Return to Literature & the Environment Index Page
Literature and the Environment
Dr. Gary HarrisonThe main purpose of "Literature and the Environment" was to provide fellows with an opportunity to discuss the basic premises and principles of ecological literary criticism (ecocriticism) and to try out those principles upon some key works of environmental nonfiction and fiction, focusing particularly upon the Southwest and New Mexico. In addition, through reading the first nine chapters of Lawrence Buell's The Environmental Imagination, as well as Ralph Waldo Emerson's Nature, Henry David Thoreau's Walden, Edward Abbey's Desert Solitaire, and Mary Austin's Land of Little Rain, the seminar offered a critical and historical introduction to American environmental writing in general, focusing particularly upon the ideological function of "nature" as a privileged construct in American thought, as well as to the role literature plays in shaping and reshaping environmental perception in American culture. Grounding our discussion in an understanding of the pastoral, georgic, and agrarian constructs of nature evidenced in the nineteenth-century American literary tradition, we followed Buell's example to ask what a truly ecocentric literature might be, whether such a literature might be desirable, and how it might shape our environmental perception in such a way as to promote an ecocentric environmental ethic.

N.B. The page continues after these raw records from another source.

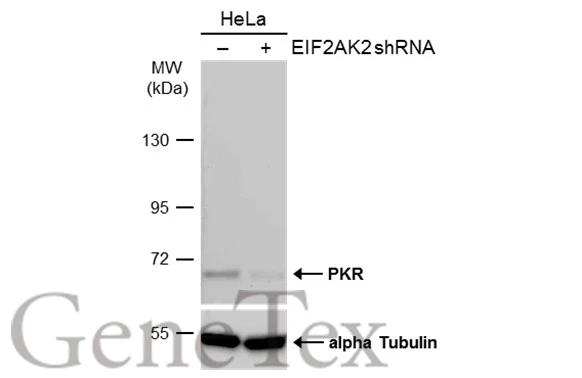 Non-transfected (–) and transfected (+) HeLa whole cell extracts (50 μg) were separated by 7.5% SDS-PAGE, and the membrane was blotted with PKR antibody (GTX130941) diluted at 1:5000. The HRP-conjugated anti-rabbit IgG antibody (GTX213110-01) was used to detect the primary antibody, and the signal was developed with Trident ECL plus-Enhanced.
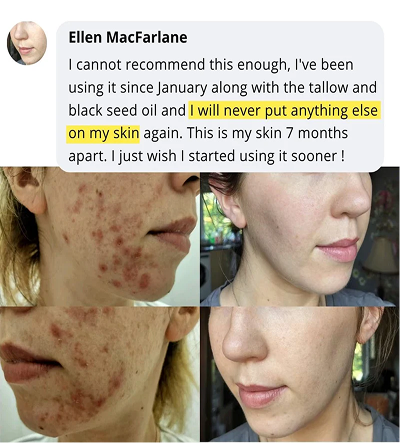 Skin transformation review from Ellen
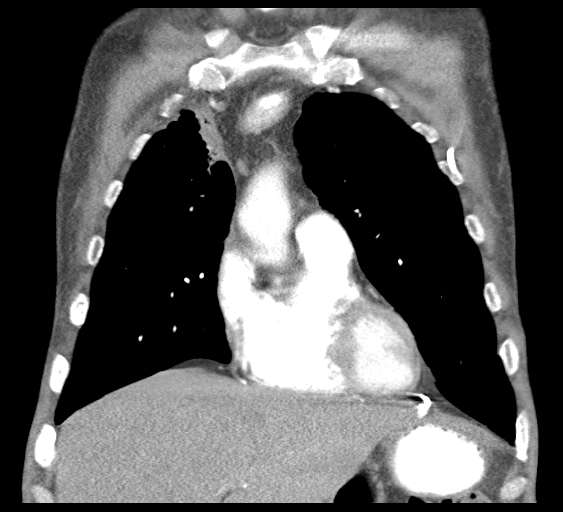 File:Obstructive superior vena cava tumor thrombus (Radiopaedia 28046-28306 B 15).jpg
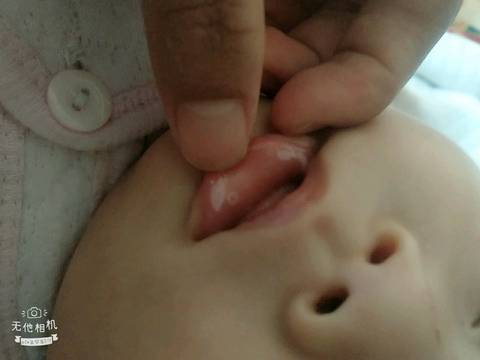 宝宝三个月嘴内两侧上侧嘴里都有白泡还好多擦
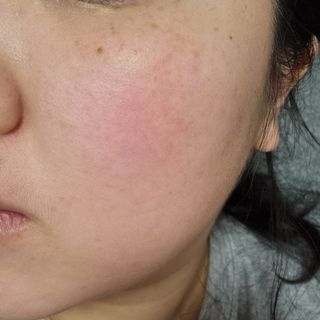 레드투래드 센서티브 어메이징 앰플 30ml — 5점을 준 리뷰어가 2021년 11월 올린 사용 사진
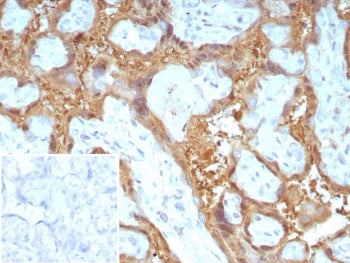 IHC staining of FFPE human placental tissue with Galectin-13 antibody (clone PP13/8897). Inset: PBS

Having considered key motifs, such as the machine in the garden and the country versus the city, having discussed key concepts such as the sense of place and nature's personhood, and having become attuned to the way ethnicity, gender, and historical contingencies influence the way we write and think about the natural world, we studied three key texts that dramatize the encounter between culture and nature: Willa Cathers Death Comes for the Archbishop, Fabiola Cabeza De Bacas We Fed Them Cactus, and Leslie Marmon Silkos Ceremony. From our initial readings in Buell, Emerson, Thoreau, Abbey, and Austin, we were able to place these three works into the trajectory of American nature writing and to articulate clearly the way ideology, ethnicity, and gender influenced the literary treatment of land and nature in these works. Moreover, drawing upon the ethnic and historical diversity represented in these novels, we explored how the arid landscape of the Southwest places special demands upon those who dwell here, how different cultures solve the problem of living on these lands, and how these cultures have transformed the landscape both imaginatively and actually. Finally, we weighed the relative degree of ecocentrism and anthropocentrism among these works, as we asked which of them most clearly models an ecologically responsible relationship to the environment and most emphatically or persuasively calls upon us to think ecocentrically.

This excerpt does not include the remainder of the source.